Welcome to the forum Stitch! I saw your bracelets on Etsy, looking good! It's great that you can crochet. Did you use your angora wool for the yarn?



Bridget


----------



## stitchcounting (Aug 18, 2012)

Hey Bridget 

I dont have angoras :/ only my lionhead max. The yarn for thoses bracelets was some thrift store cone thread.


----------



## stitchcounting (Aug 18, 2012)

Southern by choice said:
			
		

> Hi stitch-
> I told you I'd post here(said that on the new member introductions) since you've decided to start a journal. I'll have to post later though, I just realized what time it is... I've got to get out and take care of the animals!
> Later


Ohhh yes BYH is addicting i needa go out to the garden today.


----------



## bonbean01 (Aug 18, 2012)

Welcome Stitch!  Keep dreaming...never give up and let your dream go...we only get one life here on Earth and make good choices as you grow older with that dream as your goal...I have a strong feeling that one day you will make your dream come true!


----------



## stitchcounting (Aug 18, 2012)

bonbean01 said:
			
		

> Welcome Stitch!  Keep dreaming...never give up and let your dream go...we only get one life here on Earth and make good choices as you grow older with that dream as your goal...I have a strong feeling that one day you will make your dream come true!


Thank You! 

I hope my dream does become true someday somehow.


----------



## CochinBrahmaLover=) (Aug 18, 2012)

And welcome to the world of journaling! I'll watch it best I can!!

Hope your dream comes true!


----------



## stitchcounting (Aug 18, 2012)

Today i freaking woke up at 4pm, i have a horrible sleep routine .

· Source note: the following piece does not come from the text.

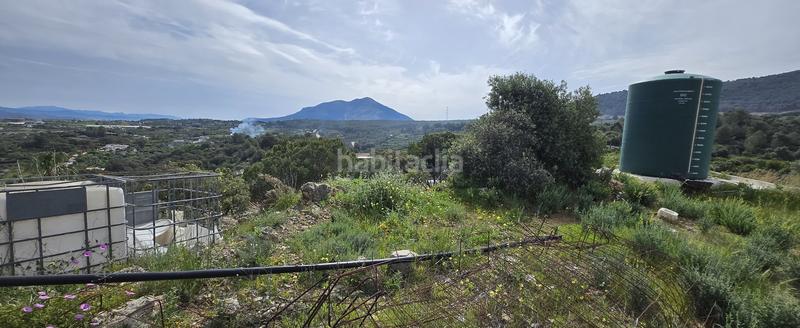 Foto 4531dbc7-d251-449f-9880-d254c4869d02. Finca rústica a Coín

I was extremly happy that it wasnt raining when i woke up that i went to the garden and put some mint cuttings and rootlets to TRY and stop the damn rats from coming into the garden.  Hopefully the lady that has to water this week sees the lil patch of mint  . I collected some coneflower leaves for tea, i heard somewhere that they are good for the cold, lets see! I saw some tomatoes getting pretty big  so that means i need to add some coffee grounds and maxs poo to the tomatos so they get the nitrogen they need. While i was digging up the spot for the mint Nemui my dog was all  ALL over the garden area and trying to caught a stupid cabbage butterfly.

Its saturday so that means i had to clean out the cages :/, ive only done the boys, need to do the girls and Max's . sigh atleast i took milo a well need shower and haircut, poor thing had so much mats, took foreverrr!

OHH i went to the supermarket to shop for this week with my mom and i always collects the bottles we use and then get 5c for em. idk how to call that but apparently those machines are off on saturday? whyy i had to haul a bunch of seltzer water and beer bottle back home while she shopped. i have a slight seltzer water addiction  

Baking a cake now for a ferret club meeting were trying to legalize ferrets in NYC again  but lets see how the meeting goes i never seen a ferret im excited  . pretty boring day so far but i gotta finish theses cakes and the girls cage and max's area.


----------



## CochinBrahmaLover=) (Aug 18, 2012)

Grats in the tomatoes!

What names fit to what animal?

FERRETS ARE ILEGAL IN NYC?   Well, grats on going to see your first ferret, love those guys!!


----------



## stitchcounting (Aug 18, 2012)

CochinBrahmaLover=) said:
			
		

> Grats in the tomatoes!
> 
> What names fit to what animal?
> 
> FERRETS ARE ILEGAL IN NYC?   Well, grats on going to see your first ferret, love those guys!!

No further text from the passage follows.